In a 2004 shot, at age 51, Mathews is a morbidly obese diabetic and a mostly miserable 354 pounds.

Then comes the great reversal. By dint of diet, exercise and the will to eschew pizza in particular, the 5-foot-6 school bus driver shrinks to 169 pounds.

But like the growing number of morbidly obese people now losing enormous amounts of weight, mostly through stomach stapling surgeries, Mathews had a problem. As all that fat disappeared, the skin that held it all did not.

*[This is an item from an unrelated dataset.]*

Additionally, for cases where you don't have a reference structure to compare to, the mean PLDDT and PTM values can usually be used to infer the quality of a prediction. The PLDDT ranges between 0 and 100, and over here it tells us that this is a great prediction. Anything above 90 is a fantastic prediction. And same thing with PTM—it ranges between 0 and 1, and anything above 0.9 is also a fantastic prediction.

“I had all this skin that would flop around when I walked,” says Mathews, the mother of two grown children. “You sort of tuck it into your pants, but it’s still there. Imagine losing all the weight and having to be stuck with all that skin.”

These remnants of obesity — known medically as cutis pleonasmus — have sent “tummy tuck” surgeries skyrocketing.

“It’s been a six-fold increase in the past five years,” Dr. Michael Kreidstein says of the number he now performs at The Scarborough Hospital.

The Canadian Society of Plastic Surgeons does not keep statistics on the type and number of operations its 400 members perform, but society executive director Karyn Wagner says U.S. data likely reflects the Canadian situation.

In the U.S., tummy tucks increased by 137 per cent between 2000 and 2007, when the number reached 148,000. Wagner concludes about 15,000 were performed in this country that year.

Bariatric surgeries (known as gastric bypasses or stomach stapling), which segment or bypass large portions of the stomach, are growing as a mainstream tool to reverse morbid obesity. Last year, a major study pegged these operations as a potential cure for weight-related Type 2 diabetes.

During the procedure, the excess skin is lifted from underlying muscle tissue — on rare occasions with the help of a mini-crane that hangs over the operating table.

Ontario coverage
OHIP pays for about 500 bariatric surgeries (known as gastric bypasses or stomach stapling) procedures each year, although the province’s Medical Advisory Secretariat has said that number will have to increase by some 3,000 to keep up with demand.